Iraq’s IHEC: unprecedented citizen demand for electoral record updates ahead of local elections

Iraq’s Independent High Electoral Commission (IHEC) has noted an unprecedented demand from eligible citizens to update their electoral records as the country prepares for local elections. The Commission also highlighted the significant increase in the number of political parties, alliances, and candidates participating in the provincial council elections compared to previous elections since 2003.

Judge Abbas Al-Fatlawi, the head of the electoral administration at the Commission, expressed that preparations for the elections are well underway, including the design and printing of special ballot papers and voter cards. He also mentioned that electoral campaigns will commence following the drawing of numbers for alliances, parties, candidates, and individuals.

Judge Al-Fatlawi emphasized that the local elections would proceed as scheduled and called on citizens to participate in the vote.

Earlier today, IHEC announced that nearly 70 political parties and alliances and over 6,000 candidates will participate in the upcoming provincial council elections scheduled for next month.

Nibras Abu Souda, a member of the IHEC media team, said that the competition will involve 29 political parties, 39 political alliances, and 66 individual candidates, including minority candidates. Unlike the 2021 elections, which were based on individual nominations, these elections will use an open list system.

Iraq is scheduled to hold provincial elections on November 6, 2023. The polls will be the first for provincial councils in 13 years after they were dissolved amid anti-government protests in 2019.

The elections will be held in 15 of 18 Iraqi provinces, excluding the three provinces in the autonomous Kurdistan region of northern Iraq.
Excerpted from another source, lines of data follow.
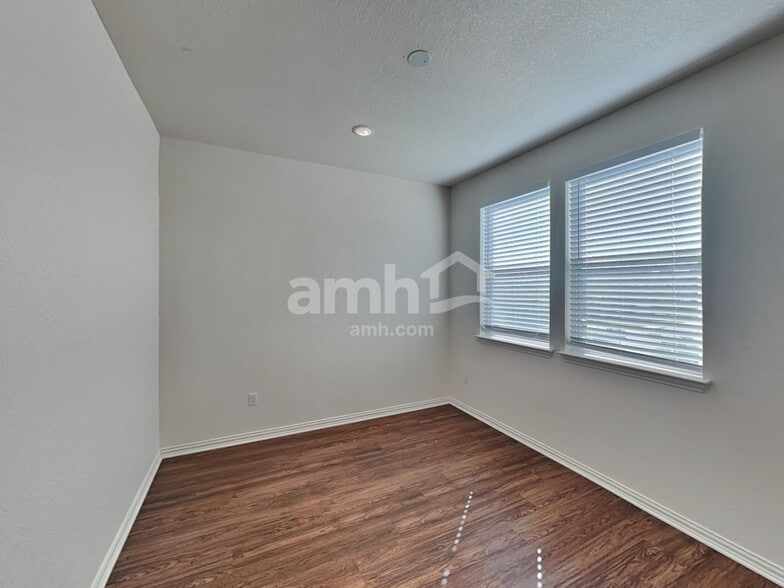 Building Photo - 2708 Geronimo Creek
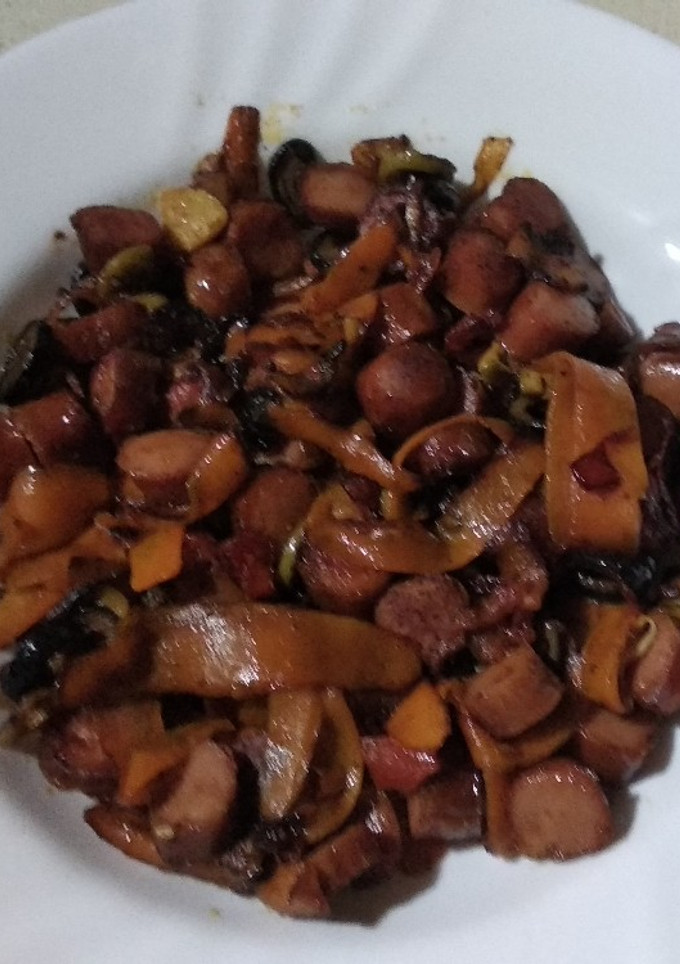 Una foto de Revoltijo de verduras con Frankfurts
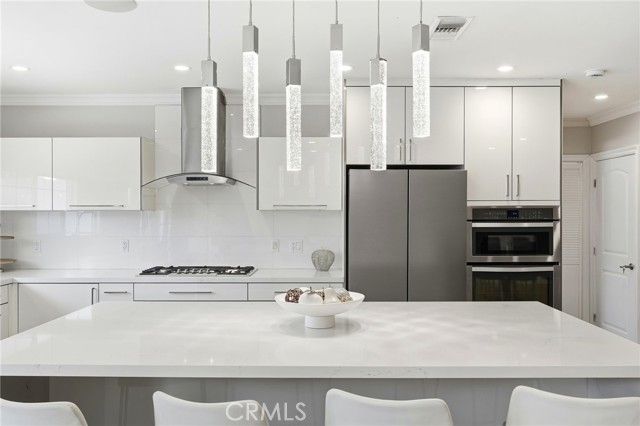 621 Roselli Street, Burbank, CA 91501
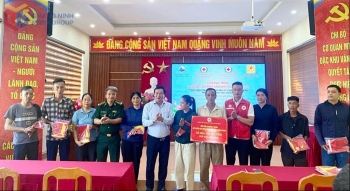 Quảng Ninh: Trao kinh phí hỗ trợ sinh kế cho 20 hộ ngư dân có hoàn cảnh khó khăn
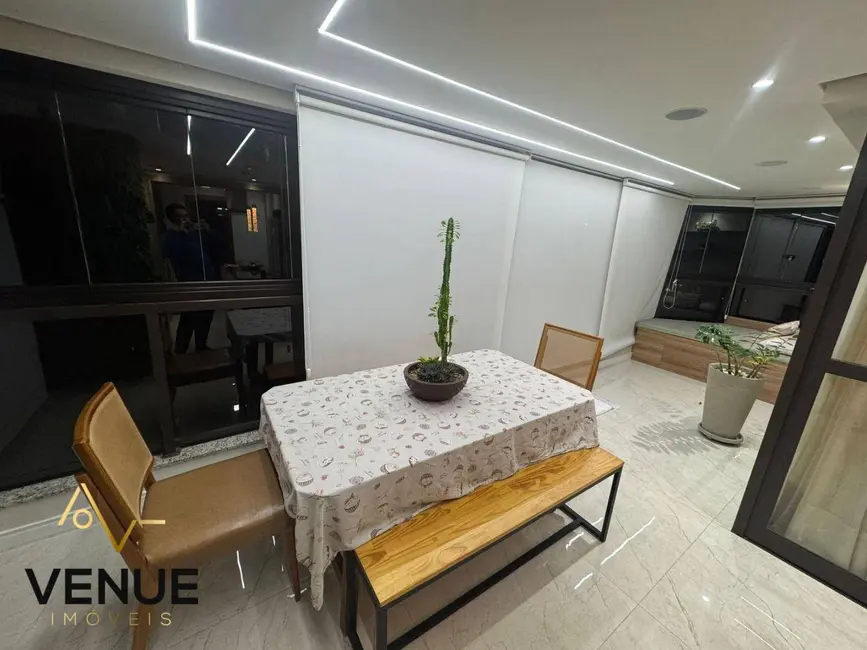 Foto 4 de Apartamento com 3 quartos à venda e para alugar, 193m2 em Aruja - SP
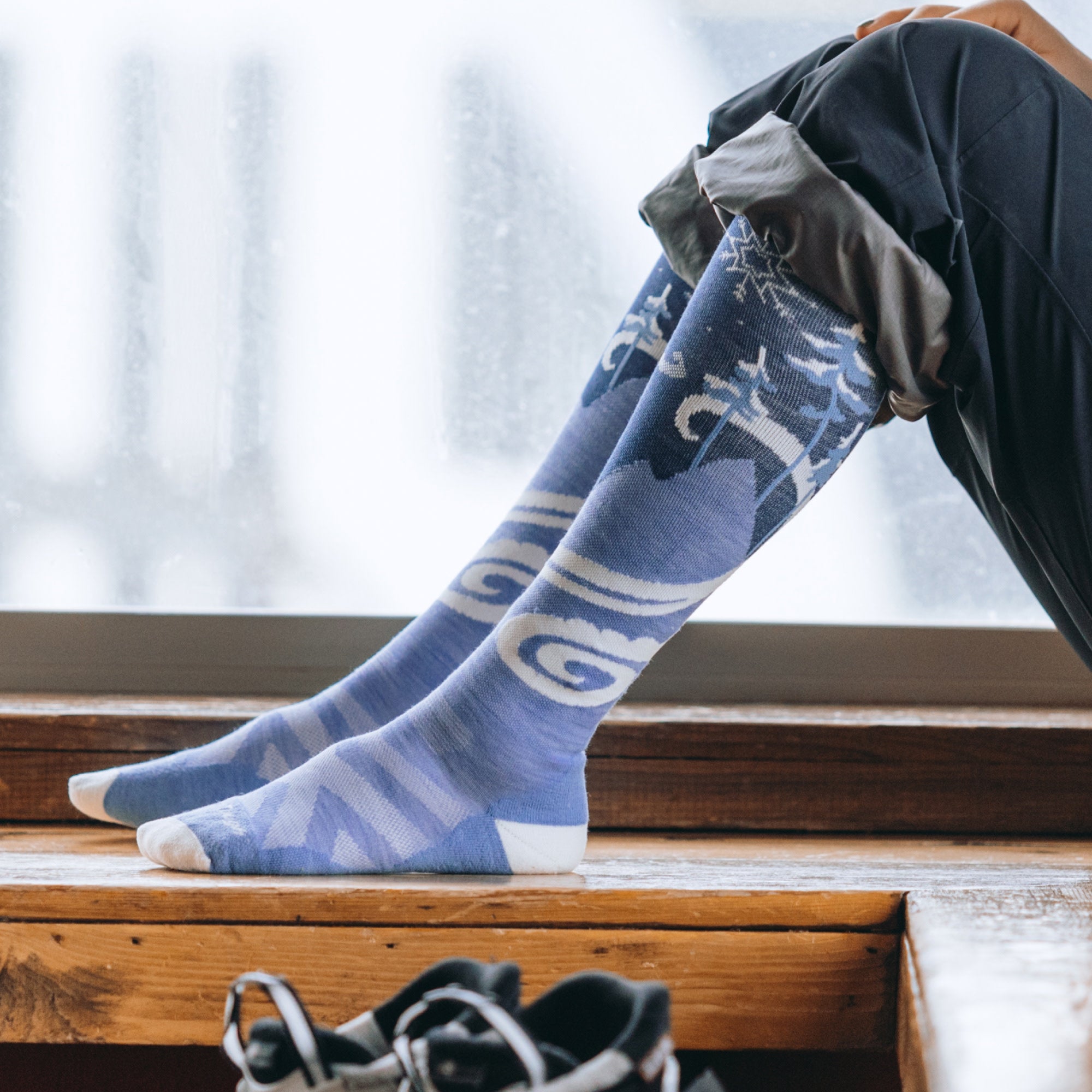 Darn Tough Socks Women's Swirlwind Over-the-Calf Lightweight Ski & Snowboard Socks - Image 4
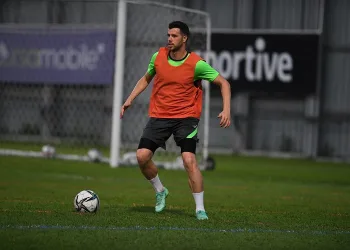 Bursaspor Kulübü kadro dışı kalan Hasan Ayaroğlu ve Aykut Akgün’ü affetti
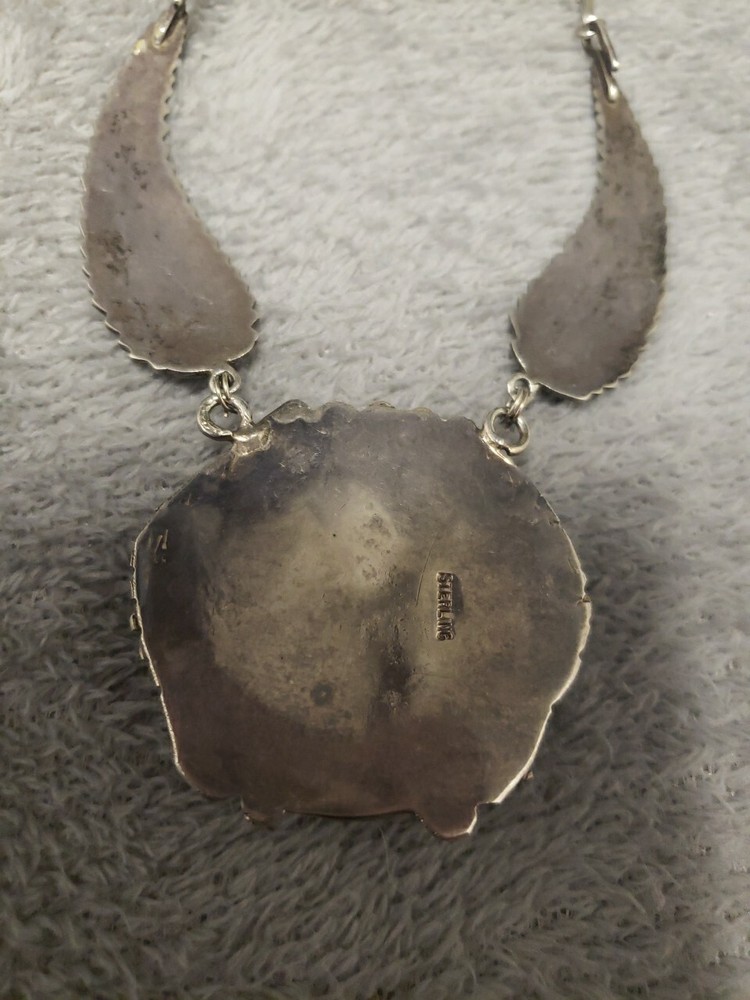 19" 1/2 Native American Sterling Silver Necklace.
The elections are a critical test for the Iraqi government and a potential turning point in the country’s political climate. They will also be the first elections under a new electoral law passed in 2020.

The new electoral law reintroduces the Sainte-Laguë method of proportional representation, which is expected to benefit smaller political parties and independent candidates. The law also reduces the number of seats in provincial councils and requires that at least 25% of candidates be women.

Some major political parties have already announced their intention to participate in the elections, including the Sadrist Movement, the State of Law Coalition, and the Kurdistan Democratic Party.

However, there are some concerns about the security and fairness of the elections. Some political groups have accused the government of trying to manipulate the electoral process, and there is a risk of violence on election day.